Für Handwerker können Nachbarländer ein lukratives Pflaster sein – und die Dienstleistungsfreiheit innerhalb der EU berechtigt sie dazu, im Ausland Aufträge anzunehmen. Trotzdem müssen Betriebe einige Regelungen beachten. Auch bei Nachbarländern wie Österreich.
Mirabell Schmidt

Wer als Handwerker Dienstleistungen in anderen EU-Staaten erbringen möchte, hat grundsätzlich auch das Recht dazu. Das besagt die Dienstleistungsfreiheit in der Europäischen Union. Trotzdem ist es nicht ohne weiteres möglich, einen Auftrag anzunehmen und dann mit der Arbeit einfach loszulegen.
Als ausländischer Unternehmer muss man die jeweiligen nationalen Bestimmungen beachten. Denn obwohl in der EU bereits viele Dinge vereinheitlicht wurden, gibt es beispielsweise bei Normen, Umsatzsteuer oder Gewerberecht noch viele Unterschiede. Daher sollten sich Betriebsinhaber rechtzeitig darüber informieren, wenn sie im Ausland einen Auftrag annehmen möchten.
"Wenn ein Unternehmen zum ersten Mal eine Dienstleistung in einem Land erbringen möchte, ist es schwierig kurzfristig Aufträge anzunehmen", sagt Dietmar Schneider, Außenwirtschaftsberater der Handwerkskammer für München und Oberbayern. In Österreich brauche man beispielsweise erfahrungsgemäß einen Vorlauf von etwa drei Wochen.

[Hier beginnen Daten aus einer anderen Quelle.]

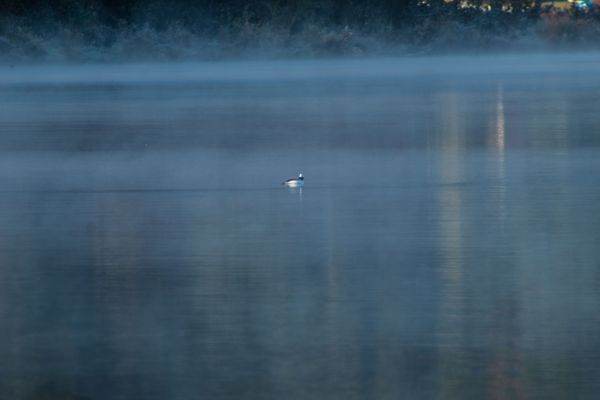 Lone Duck on a Foggy Morning thumbnail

Nachweis der Qualifikation nötig
Der erste Schritt, um im Zielland arbeiten zu dürfen, ist die EU-Bescheinigung, die sich Betriebe bei ihrer Handwerkskammer ausstellen lassen können. Für in Österreich reglementierte Berufe, müssen Firmen zusätzlich einen Qualifikationsnachweis vorlegen. In den meisten Fällen ist das der Meisterbrief. "In Österreich sind fast alle Berufe reglementiert, also braucht man fast immer einen Nachweis in irgendeiner Form", erläutert Schneider. Möchte man Mitarbeiter ins Ausland mitnehmen, sind für sie keine extra Qualifikationsnachweise nötig.
Hat man die EU-Bescheinigung und die erforderlichen Qualifikationsnachweise, müssen deutsche Betriebe in Österreich eine Dienstleistungsanzeige abgeben. Das Formblatt erhält man online auf den Seiten des Wirtschaftsministeriums in Wien. Hier ist zudem aufgeführt, welche Gewerke in Österreich reglementiert sind. Die Dienstleistungsanzeige muss nach einem Jahr erneuert werden, wenn das Unternehmen beabsichtigt weiter in Österreich tätig zu sein.

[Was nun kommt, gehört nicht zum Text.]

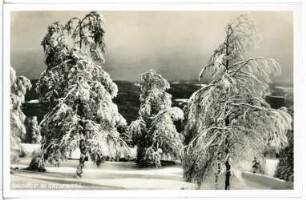 Erzgebirge. Rauhreif im Erzgebirge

Mitarbeiter im Ausland melden
Für entsendete Mitarbeiter besteht in den meisten EU-Ländern eine Meldepflicht. Möchte ein Betriebsinhaber Angestellte mit zum Arbeiten ins Ausland nehmen, muss er beim Finanzamt melden, wen er wo und wann einsetzen möchte. In Österreich muss das spätestens sieben Tage vor Arbeitsbeginn erfolgen und ist online möglich. Im Gegensatz zur Dienstleistungsanzeige müssen die Mitarbeiter aber für jeden Auftrag einzeln gemeldet werden.
Etwas kompliziert wird es, wenn ein Betrieb Mitarbeiter nach Österreich schicken möchte, die keine EU-Bürger sind. Dann müssen Geschäftsführer beim österreichischen Arbeitsmarktservice die Entsendung beantragen. "Ob die Behörde der Entsendung zustimmt, ist aber von der österreichischen Arbeitsmarktsituation abhängig. Selbst, wenn man formell alles richtig gemacht hat", erläutert Schneider.
Für Rechnungsstellung Unterstützung anfordern
Versäumen Betriebsinhaber die Dienstleistungsanzeige und die Meldung der Mitarbeiter, drohen Bußgelder. "Die Kontrollstellen haben zwar Ermessensspielraum und die Strafen hängen davon ab, wie gravierend die Verstöße sind. Doch auf die Kulanz sollte man sich nicht verlassen", sagt der Außenwirtschaftsberater. Im schlimmsten Fall könnten die österreichischen Behörden dem Betrieb die Arbeit jetzt und in Zukunft untersagen.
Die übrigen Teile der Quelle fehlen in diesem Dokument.